» Description of the task: Every line from the first in the listing below to the line containing "Cute Pink Polka Dot Ruffle Dress" is to be repeated exactly, and no line past it.

━━━━━ Data for analysis ━━━━━

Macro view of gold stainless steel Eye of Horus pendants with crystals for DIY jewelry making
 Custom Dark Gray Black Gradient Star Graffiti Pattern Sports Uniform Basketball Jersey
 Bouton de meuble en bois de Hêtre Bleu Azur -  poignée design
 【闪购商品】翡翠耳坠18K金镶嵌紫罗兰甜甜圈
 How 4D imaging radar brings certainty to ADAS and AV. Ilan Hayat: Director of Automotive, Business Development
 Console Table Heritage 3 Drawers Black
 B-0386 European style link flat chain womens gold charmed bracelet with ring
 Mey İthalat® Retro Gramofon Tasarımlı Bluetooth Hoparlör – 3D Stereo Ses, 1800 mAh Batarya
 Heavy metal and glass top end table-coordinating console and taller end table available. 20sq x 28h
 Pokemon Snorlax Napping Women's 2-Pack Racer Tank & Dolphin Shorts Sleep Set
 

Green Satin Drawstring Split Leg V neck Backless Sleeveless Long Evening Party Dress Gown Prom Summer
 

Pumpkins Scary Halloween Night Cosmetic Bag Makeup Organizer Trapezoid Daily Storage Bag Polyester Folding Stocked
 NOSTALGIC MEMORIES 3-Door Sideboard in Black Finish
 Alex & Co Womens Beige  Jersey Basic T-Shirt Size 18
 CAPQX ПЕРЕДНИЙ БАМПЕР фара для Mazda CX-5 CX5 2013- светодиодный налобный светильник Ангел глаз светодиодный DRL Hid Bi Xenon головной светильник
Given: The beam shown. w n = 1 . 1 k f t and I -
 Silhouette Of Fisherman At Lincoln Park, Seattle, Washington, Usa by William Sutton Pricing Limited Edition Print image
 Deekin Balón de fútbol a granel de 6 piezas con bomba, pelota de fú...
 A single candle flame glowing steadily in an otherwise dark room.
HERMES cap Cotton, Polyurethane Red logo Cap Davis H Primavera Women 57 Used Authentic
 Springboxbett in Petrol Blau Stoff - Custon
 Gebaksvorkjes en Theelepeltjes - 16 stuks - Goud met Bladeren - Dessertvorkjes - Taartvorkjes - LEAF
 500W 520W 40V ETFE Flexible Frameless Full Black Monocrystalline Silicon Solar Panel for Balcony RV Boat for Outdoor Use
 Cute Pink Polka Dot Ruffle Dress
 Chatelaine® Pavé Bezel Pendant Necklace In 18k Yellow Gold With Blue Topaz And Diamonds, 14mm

━━━━━

» Answer to this exercise:
Macro view of gold stainless steel Eye of Horus pendants with crystals for DIY jewelry making
 Custom Dark Gray Black Gradient Star Graffiti Pattern Sports Uniform Basketball Jersey
 Bouton de meuble en bois de Hêtre Bleu Azur -  poignée design
 【闪购商品】翡翠耳坠18K金镶嵌紫罗兰甜甜圈
 How 4D imaging radar brings certainty to ADAS and AV. Ilan Hayat: Director of Automotive, Business Development
 Console Table Heritage 3 Drawers Black
 B-0386 European style link flat chain womens gold charmed bracelet with ring
 Mey İthalat® Retro Gramofon Tasarımlı Bluetooth Hoparlör – 3D Stereo Ses, 1800 mAh Batarya
 Heavy metal and glass top end table-coordinating console and taller end table available. 20sq x 28h
 Pokemon Snorlax Napping Women's 2-Pack Racer Tank & Dolphin Shorts Sleep Set
 

Green Satin Drawstring Split Leg V neck Backless Sleeveless Long Evening Party Dress Gown Prom Summer
 

Pumpkins Scary Halloween Night Cosmetic Bag Makeup Organizer Trapezoid Daily Storage Bag Polyester Folding Stocked
 NOSTALGIC MEMORIES 3-Door Sideboard in Black Finish
 Alex & Co Womens Beige  Jersey Basic T-Shirt Size 18
 CAPQX ПЕРЕДНИЙ БАМПЕР фара для Mazda CX-5 CX5 2013- светодиодный налобный светильник Ангел глаз светодиодный DRL Hid Bi Xenon головной светильник
Given: The beam shown. w n = 1 . 1 k f t and I -
 Silhouette Of Fisherman At Lincoln Park, Seattle, Washington, Usa by William Sutton Pricing Limited Edition Print image
 Deekin Balón de fútbol a granel de 6 piezas con bomba, pelota de fú...
 A single candle flame glowing steadily in an otherwise dark room.
HERMES cap Cotton, Polyurethane Red logo Cap Davis H Primavera Women 57 Used Authentic
 Springboxbett in Petrol Blau Stoff - Custon
 Gebaksvorkjes en Theelepeltjes - 16 stuks - Goud met Bladeren - Dessertvorkjes - Taartvorkjes - LEAF
 500W 520W 40V ETFE Flexible Frameless Full Black Monocrystalline Silicon Solar Panel for Balcony RV Boat for Outdoor Use
 Cute Pink Polka Dot Ruffle Dress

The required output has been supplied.